The other huge reason for R adoption is it makes running stat analyses very simple, so for all the people who aren't programmers, and don't wish to be programmers, R is an awesome choice. The ability to, in 3 simple lines of R, load data from a csv, run a glm, and get a sophisticated report on the model is awesome.

collyw · on Dec 15, 2014

Excel is awesome in a similar way, no?

IndianAstronaut · on Dec 15, 2014

Hadley Wikham's work has made the R environment much more tolerable and interesting. Because of it, R can be a pleasure to work with.

weissguy · on Dec 15, 2014

The battle between R and NumPy reminds me of the competition between American and Japanese auto manufacturers. Did American car companies successfully play QA catchup in the past 10 years? Probably, and God knows they needed to. Meanwhile, Japanese car manufacturers were building on 35 years of QA excellence the whole time.

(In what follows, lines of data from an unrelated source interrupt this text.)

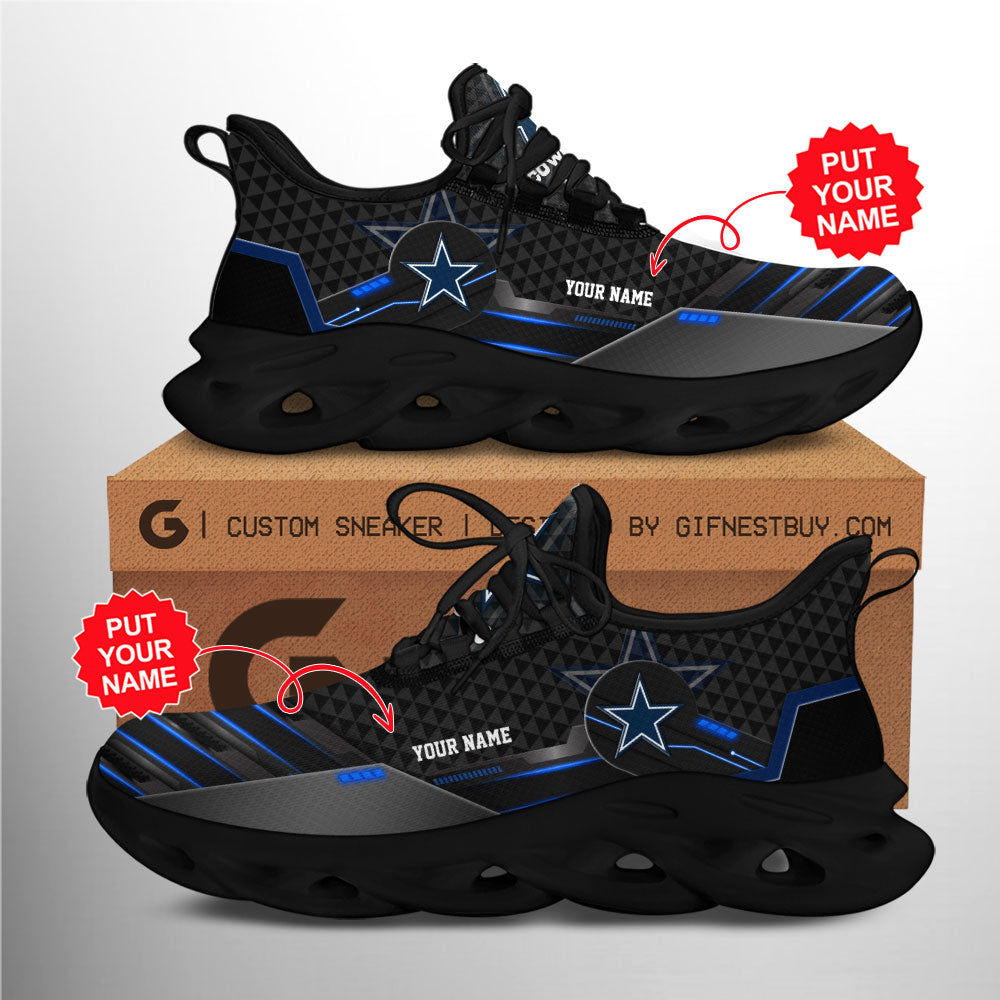 Dallas Cowboys Max Soul Shoes Sneakers for Men And Women – NFL Football Fan Shoes, Team Sneakers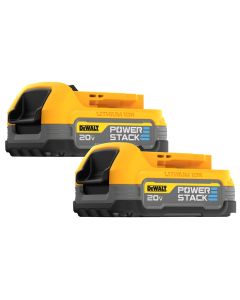 DWTDCBP034-2 image(0) - DeWalt 20V MAX POWERSTACK COMPACT BATTERY 2 PACK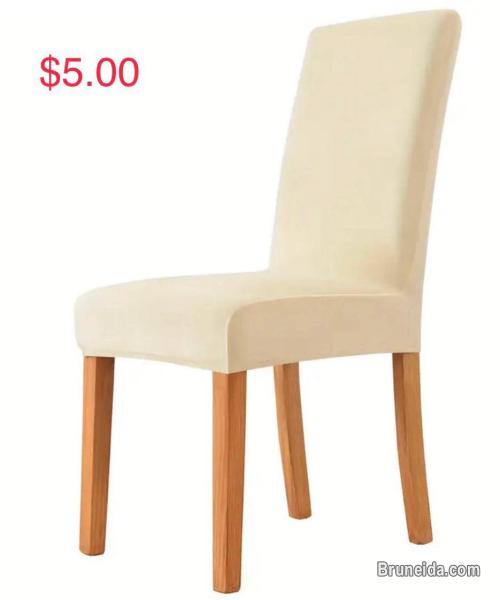 Stretch Velvet Chair Cover - image 1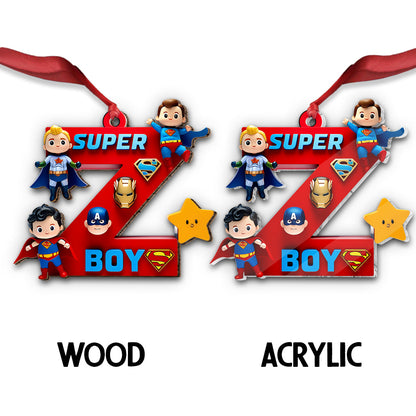 Super Kids - Personalized Kid Ornament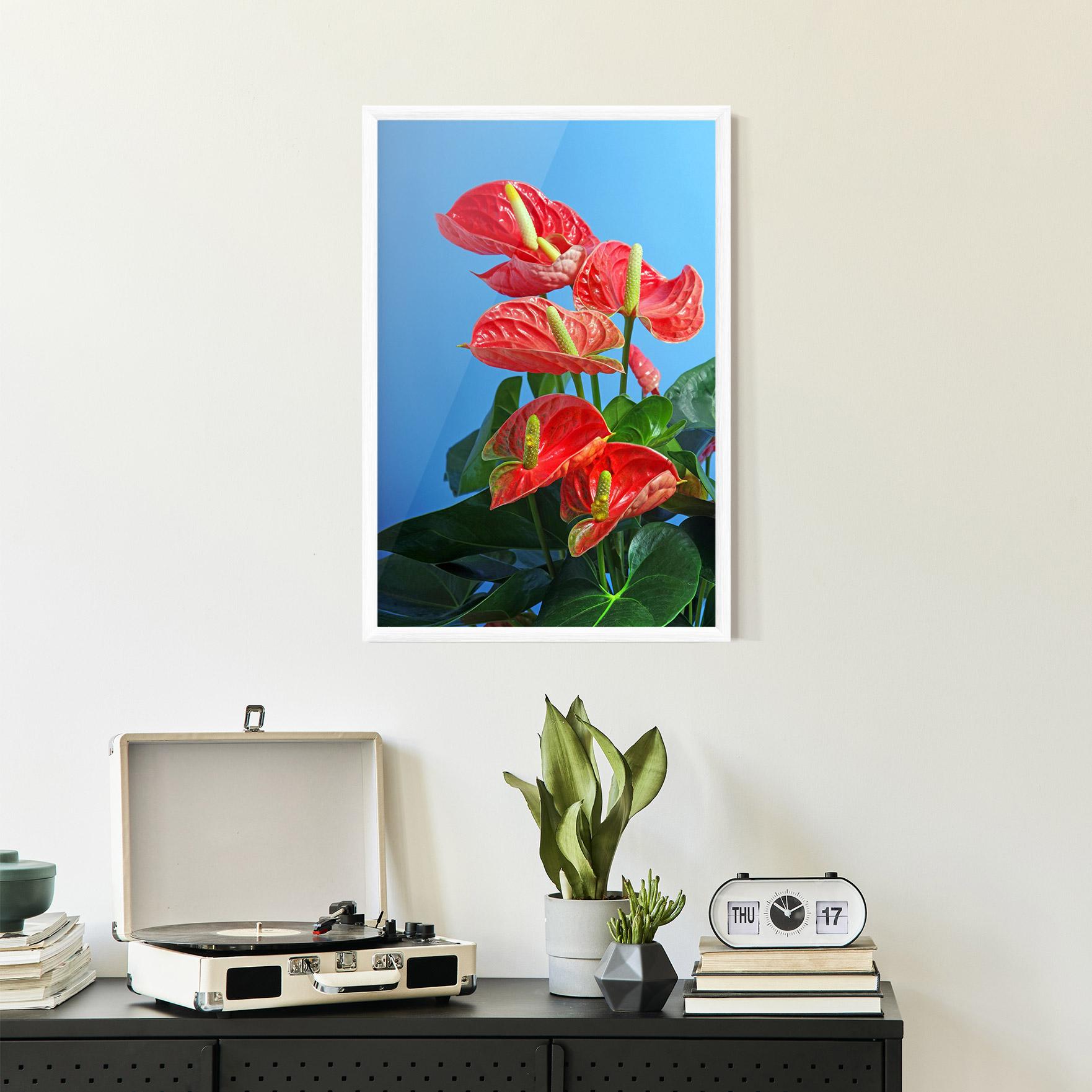 Poster Înrămat Red Green Exotic mockup 2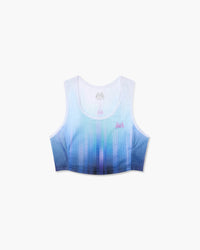 Gradient Race Crop Top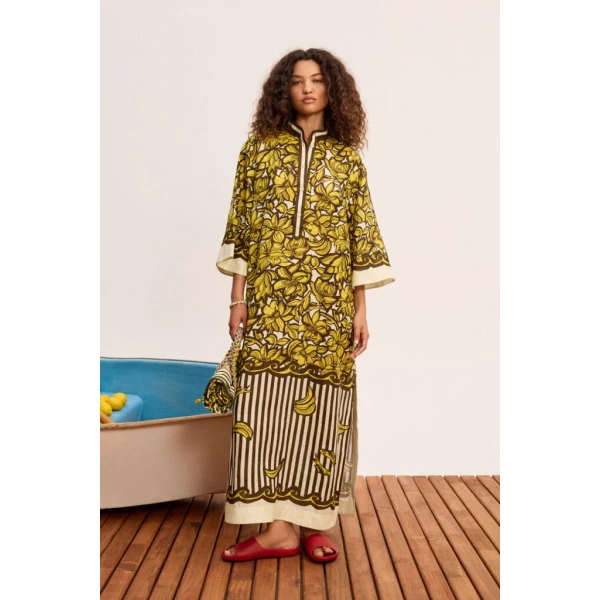Alemais Mona Pool Dress  Sustainable Dresses with Alemais print - Coveti Australian Designer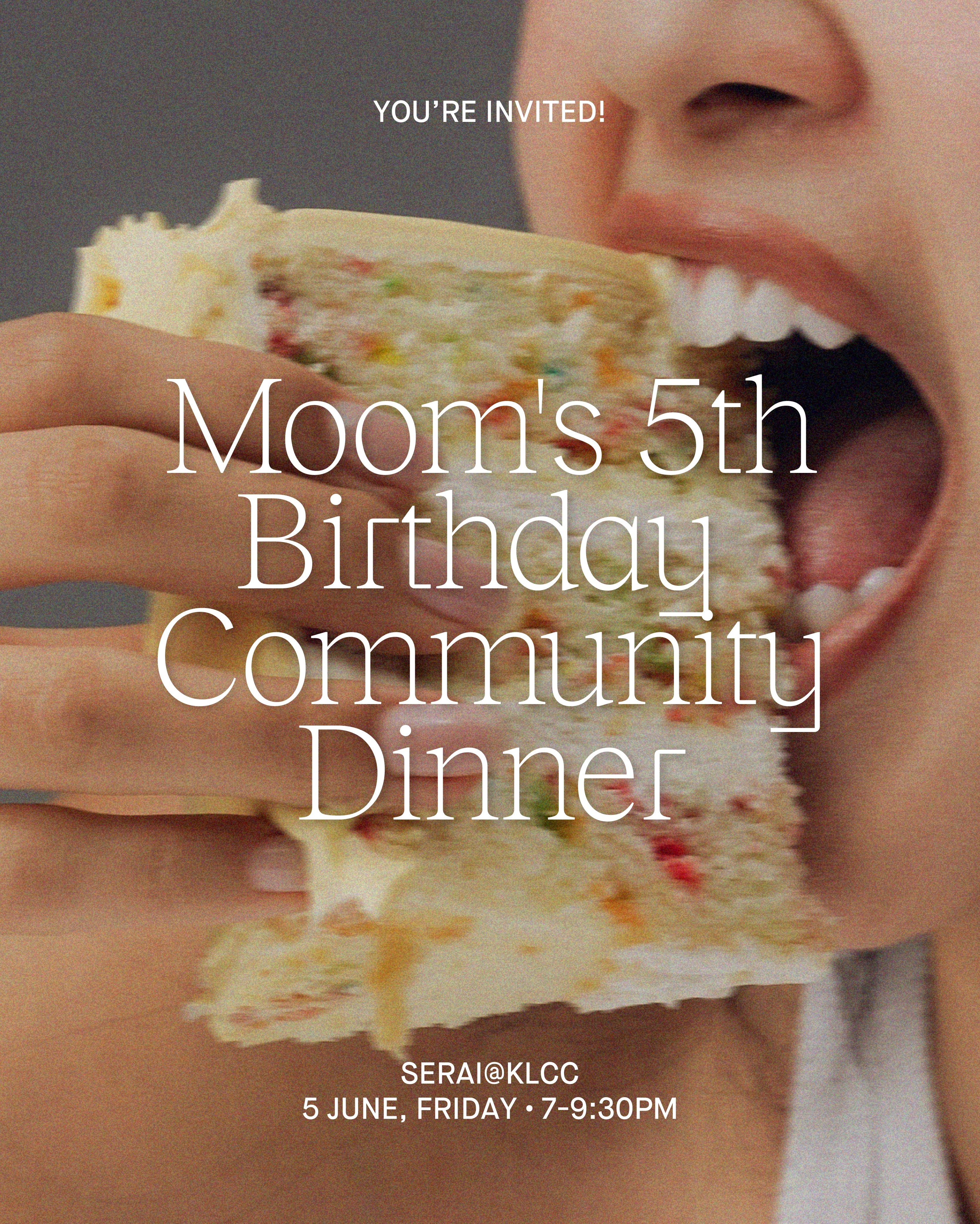 Moom's 5th Birthday Community Launch Dinner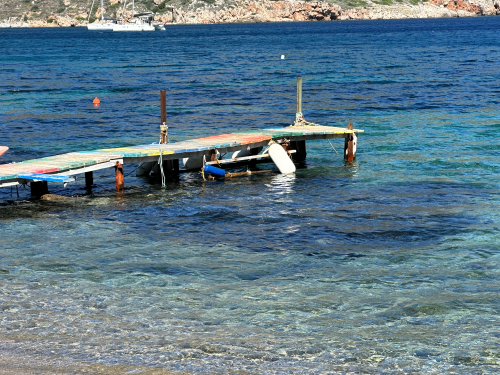 quick plein air painting: The dock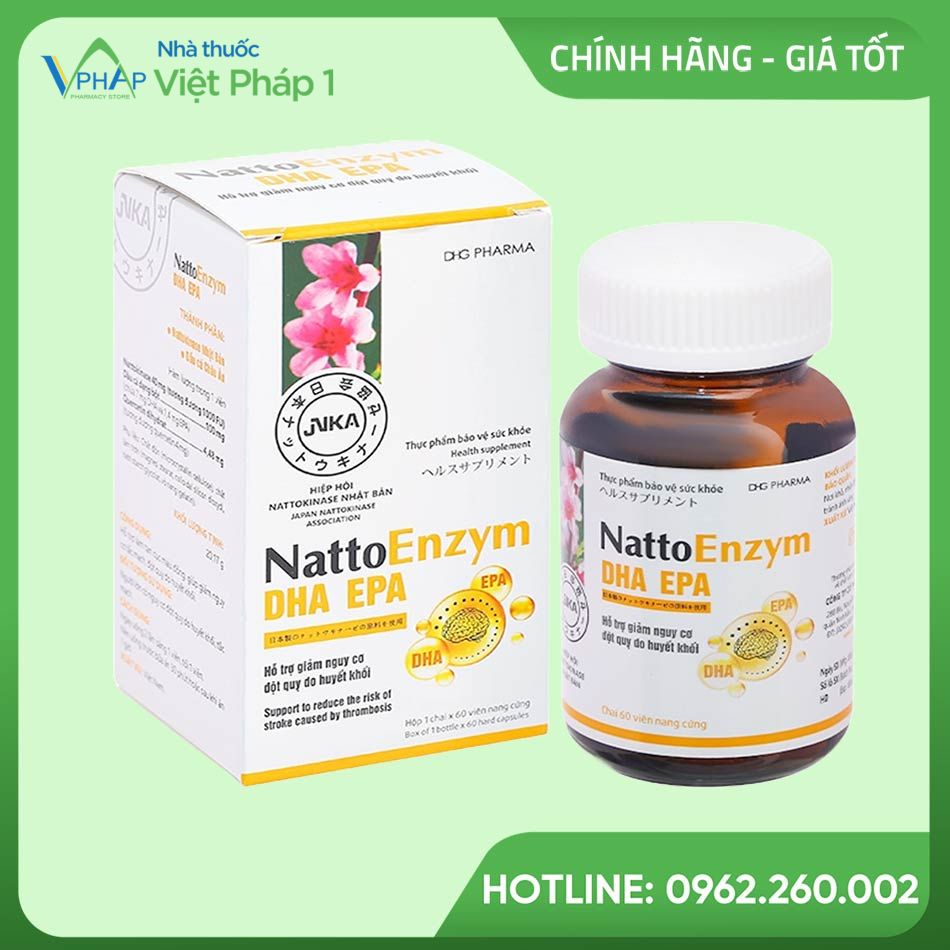 Hộp và lọ Nattoenzym DHA EPA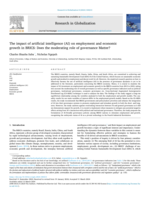 The impact of artificial intelligence (AI) on employment and economic growth in BRICS: Does the moderating role of governance matter?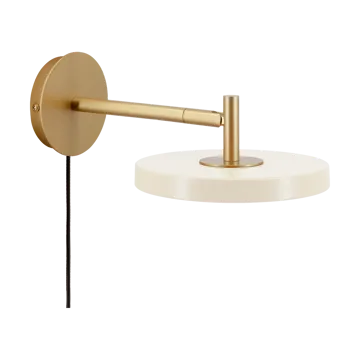 Candeeiro de parede Asteria Wall - Short, Pearl white-brass - Umage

I would be far more excited about the possibilities created by a cornucopia of new stats/dataviz functionality built into Python than I would be about some packages that make R a bit less terrible to write.

hadley · on Dec 15, 2014

The whole R sucks as a language thing is getting pretty old. There is some things that R is really good at, there are some things that Python is really good at. Just because R comes from a somewhat unusual ancestry (firmly rooted in functional programming with immutable data structures and generic function style OO) doesn't make it bad.

jzwinck · on Dec 15, 2014

As recently as a few months ago, R used a form of "reference counting" which only allowed three values in the counter: 0, 1, and 2 [1]. This might be caused by unusual ancestry or it might not, but it's hard to stop saying R sucks when it does that in 2014.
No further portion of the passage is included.